> **PROBLEM**
For the material below, the expected output is exactly the lines between the line holding "Mr & Mrs Newlywed" and the line holding "Colonne de prises", inclusive, with pictures left out.

> **RECORD SET**
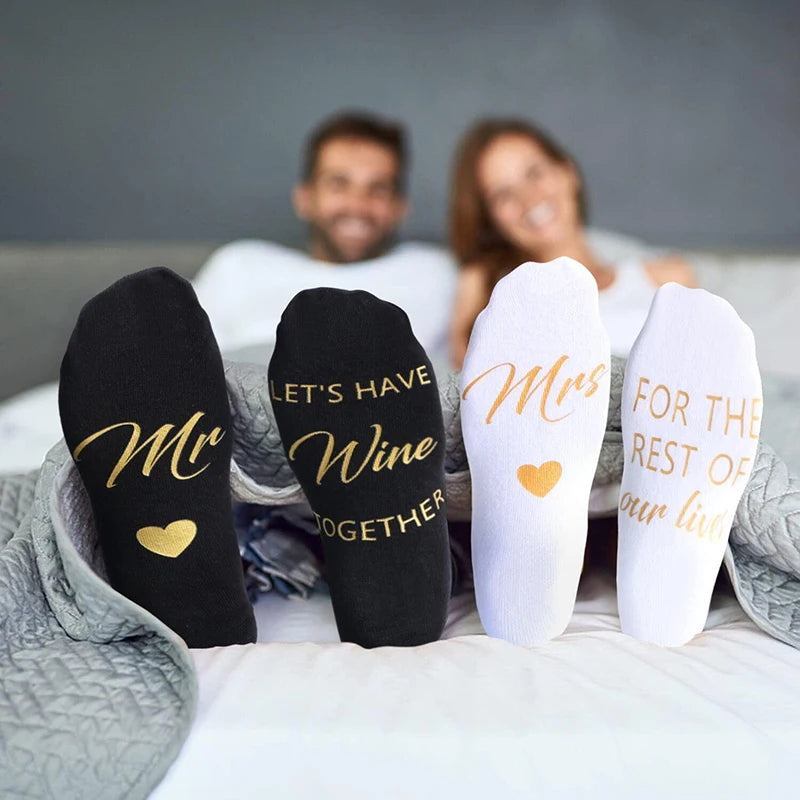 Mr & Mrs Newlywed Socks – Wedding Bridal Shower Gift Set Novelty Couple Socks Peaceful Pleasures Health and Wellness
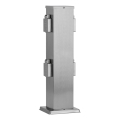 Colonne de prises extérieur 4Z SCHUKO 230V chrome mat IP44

--

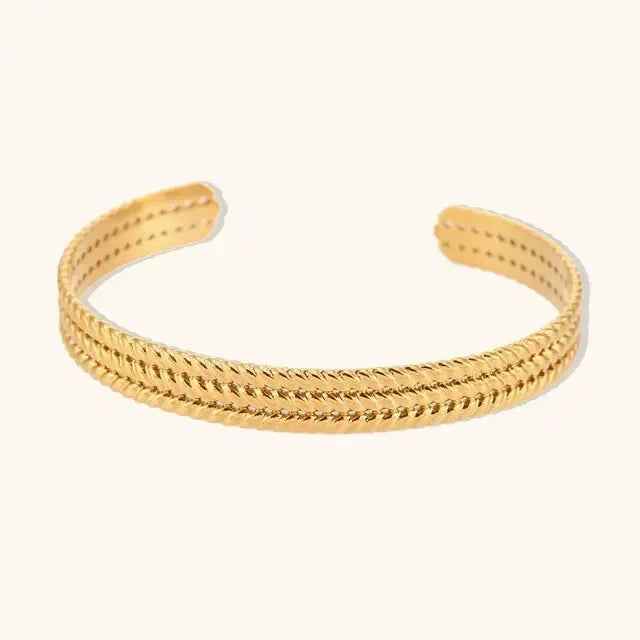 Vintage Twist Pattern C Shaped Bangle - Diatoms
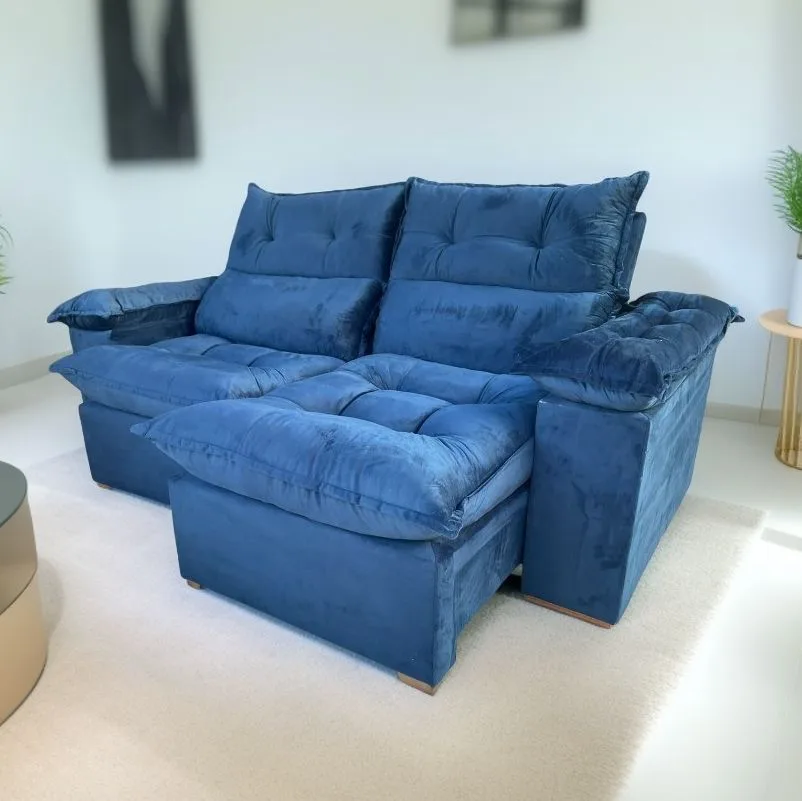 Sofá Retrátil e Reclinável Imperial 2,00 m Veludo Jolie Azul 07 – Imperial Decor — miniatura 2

> **TASK OUTPUT**
 Mr & Mrs Newlywed Socks – Wedding Bridal Shower Gift Set Novelty Couple Socks Peaceful Pleasures Health and Wellness
 Colonne de prises extérieur 4Z SCHUKO 230V chrome mat IP44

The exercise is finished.